Thinking for a Change

Gaming the points system

The previous entry described how to estimate using points and velocity. Can’t this system be mis-used by developers?

Yes…. Developers could assign artificially high estimates to stories, thereby making it seem as if they improved their velocity. Well, developers always could do this if they made estimates. There are some forces countering this:

Are you going to give all your stories 5 points? You aren’t allowed to assign more points: if 5 is not enough you have to break down the story into smaller stories. Don’t you think the customer is going to ask questions if each story costs 5 points?
A customer is allowed (and expected) to question the estimates: if stories A and B seem to have the same difficulty to the customer, but the developers assign a higher cost to B, the developers had better have a good explanation.
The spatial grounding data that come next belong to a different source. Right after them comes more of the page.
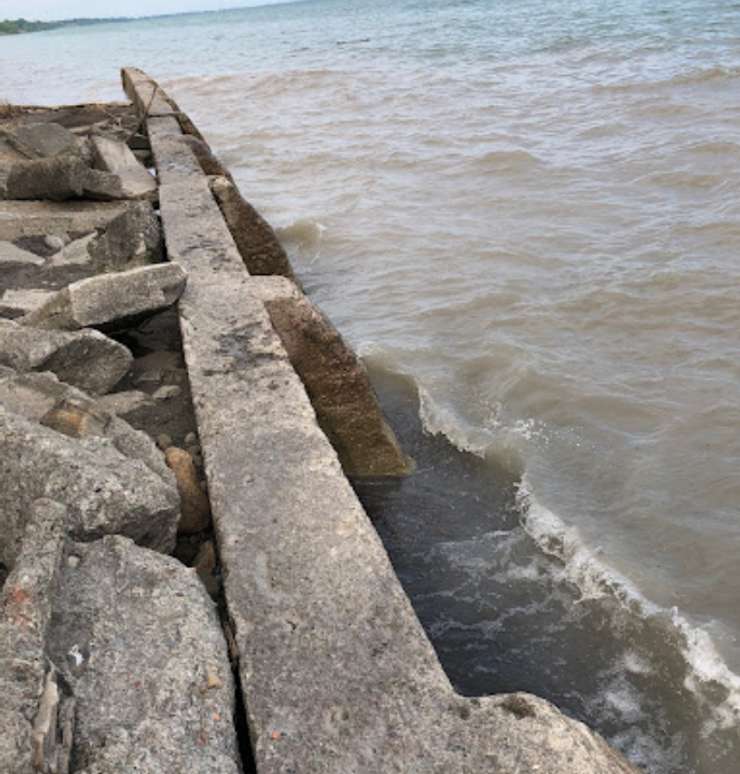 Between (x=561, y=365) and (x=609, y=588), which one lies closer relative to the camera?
(x=609, y=588)

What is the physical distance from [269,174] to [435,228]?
462cm

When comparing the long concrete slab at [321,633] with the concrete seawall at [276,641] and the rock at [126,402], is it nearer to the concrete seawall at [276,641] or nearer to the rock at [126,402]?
the concrete seawall at [276,641]

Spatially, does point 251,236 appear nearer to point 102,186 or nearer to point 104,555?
point 102,186

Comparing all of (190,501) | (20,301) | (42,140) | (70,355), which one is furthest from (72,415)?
(42,140)

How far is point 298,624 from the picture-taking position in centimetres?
214

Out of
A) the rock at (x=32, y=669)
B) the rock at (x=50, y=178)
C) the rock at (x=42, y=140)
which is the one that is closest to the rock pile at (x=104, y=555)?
the rock at (x=32, y=669)

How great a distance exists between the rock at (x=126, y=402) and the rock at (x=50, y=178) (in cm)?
326

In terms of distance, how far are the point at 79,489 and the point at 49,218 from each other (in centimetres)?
440

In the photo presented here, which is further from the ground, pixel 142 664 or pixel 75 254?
pixel 75 254

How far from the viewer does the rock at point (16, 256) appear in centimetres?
532

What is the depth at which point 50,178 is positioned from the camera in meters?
6.21

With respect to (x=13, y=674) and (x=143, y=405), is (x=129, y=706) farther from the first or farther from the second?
(x=143, y=405)

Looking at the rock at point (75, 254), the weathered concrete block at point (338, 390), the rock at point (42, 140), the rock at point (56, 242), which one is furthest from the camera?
the rock at point (42, 140)

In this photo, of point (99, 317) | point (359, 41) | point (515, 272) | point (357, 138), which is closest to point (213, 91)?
point (357, 138) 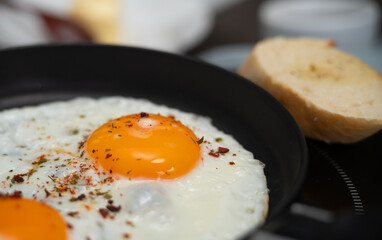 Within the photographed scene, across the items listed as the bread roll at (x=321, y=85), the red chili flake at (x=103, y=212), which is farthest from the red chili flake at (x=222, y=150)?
the red chili flake at (x=103, y=212)

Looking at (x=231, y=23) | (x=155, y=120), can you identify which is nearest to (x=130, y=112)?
(x=155, y=120)

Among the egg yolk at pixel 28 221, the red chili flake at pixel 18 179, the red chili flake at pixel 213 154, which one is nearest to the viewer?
the egg yolk at pixel 28 221

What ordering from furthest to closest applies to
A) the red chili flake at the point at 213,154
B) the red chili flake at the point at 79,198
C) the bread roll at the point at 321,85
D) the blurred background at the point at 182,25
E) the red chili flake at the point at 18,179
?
the blurred background at the point at 182,25
the bread roll at the point at 321,85
the red chili flake at the point at 213,154
the red chili flake at the point at 18,179
the red chili flake at the point at 79,198

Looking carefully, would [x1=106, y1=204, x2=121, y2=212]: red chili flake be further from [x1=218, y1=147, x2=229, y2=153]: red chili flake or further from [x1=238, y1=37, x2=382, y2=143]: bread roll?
[x1=238, y1=37, x2=382, y2=143]: bread roll

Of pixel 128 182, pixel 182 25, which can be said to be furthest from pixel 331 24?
pixel 128 182

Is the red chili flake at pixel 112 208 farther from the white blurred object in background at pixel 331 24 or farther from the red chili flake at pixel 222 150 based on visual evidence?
the white blurred object in background at pixel 331 24

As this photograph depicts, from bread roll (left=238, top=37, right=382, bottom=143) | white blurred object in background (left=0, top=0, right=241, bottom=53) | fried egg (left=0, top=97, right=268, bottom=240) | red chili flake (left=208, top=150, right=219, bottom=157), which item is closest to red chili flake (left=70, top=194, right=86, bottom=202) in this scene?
fried egg (left=0, top=97, right=268, bottom=240)

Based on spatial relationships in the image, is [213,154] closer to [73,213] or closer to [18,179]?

If the explanation is based on the difficulty of the feature itself, the customer can only accept it. If the explanation is based on the technicalities of implementing the stories, this might be a “smell” that the design of the code is in need of refactoring. If the developers can’t explain the difference, they should re-estimate. Stories should be estimated consistently. A customer can verify this consistency.
Story estimates are made by the team. The whole team would have to agree to “gaming the system”. Or at least, all of the most prominent and vocal members of the team. That’s quite difficult to keep up in the open, communication-rich environment of an agile team.

This system diagram shows how we can game the system to get a higher velocity, by working faster and more sloppily or by inflating our cost estimates. Sloppy work is kept in check by the acceptance tests the customer performs. Remember: only accepted stories count when calculating velocity.

Inflation can be kept under control by:

The customer asking for the reasoning behind the estimates
The customer and developers looking for lower-cost ways to get the same result
The development team as a whole is accountable for the estimates
Cost estimates are capped at 5

However, we still see a pernicious loop (in purple): if we inflate our estimates, we increase our velocity. If our velocity increases, the team has to commit to doing more work, which makes it unlikely to easily meet the deadline. Unless the estimates are inflated again…

We’ll see in the next entry how to break this loop.

Story points and velocity

What are story points?

Story points are an invented, team-local, measure of the innate complexity of a feature or story. How do we estimate using invented measures?

In the first release:
1. Sort the stories from easy to difficult. Create an absolute ordering by comparing each new story with those already on the table.
2. Assign the easiest story 1 point. Assign the most difficult one 5 points. You may choose another range of numbers, but keep it small. This helps “level the load or “Heijunka“
3. Divide the other stories into 5 groups, where the stories in each group have about the same difficulty. Give the stories in each group 1, 2, 3, 4 or 5 points.
4. Done!
In the next releases:
1. Compare the new story with one or more existing stories, which have already been estimated (and preferably implemented) and seem to have the same difficulty. Give the new story the same number of points.
2. Done!

The only important thing is that the stories are estimated consistently.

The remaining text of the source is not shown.